In many cultures, the moments where communities band together to tell stories, or more importantly to listen to them, are held in the highest regard. In America, reading fairy tales to children and telling ghost stories around a campfire are considered rites of passage, but where are these moments for adults?
Since 1997, “The Moth” has invited people from varying societal, economical and geographical backgrounds to share their stories and learn from one another’s experiences. Created by writer George Dawes Green, “The Moth” aims to create community and inspire audiences through the exchange of important, transformative or compelling moments.
Looking back on his youth, Green wanted to recreate the summer nights in Georgia when his neighbors, family and friends would gather on front porches to drink and tell stories. The podcast gets its name from the moths that would dance around the porch light as they talked.
“The Moth” didn’t start out as a podcast. Green began by hosting live storytelling competitions in his living room, which quickly grew into internationally hosted events.

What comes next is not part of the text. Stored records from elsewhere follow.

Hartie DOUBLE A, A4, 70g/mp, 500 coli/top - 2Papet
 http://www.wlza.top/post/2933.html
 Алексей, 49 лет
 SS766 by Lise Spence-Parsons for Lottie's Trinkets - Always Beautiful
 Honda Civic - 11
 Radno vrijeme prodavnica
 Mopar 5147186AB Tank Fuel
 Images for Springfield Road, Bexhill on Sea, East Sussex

StorySLAMs are open-mic events where anyone is invited to tell five-minute stories inspired by the evening’s theme. The winners continue on to GrandSLAMs, which “The Moth” describes as “the ultimate battle of wits and words.”
In addition to these events, “The Moth” hosts a Mainstage where five storytellers have workshopped their personal narratives with the event’s directors to create longer and more developed stories. They also conduct workshops in high schools, and invite the students to present their stories at live performances.
Over the years, the event has become what Catherine Burns, artistic director for “The Moth” calls “a modern storytelling movement” that has inspired “tens of thousands of shows worldwide in places as diverse as Tajikistan, Antarctica and Birmingham, Alabama.”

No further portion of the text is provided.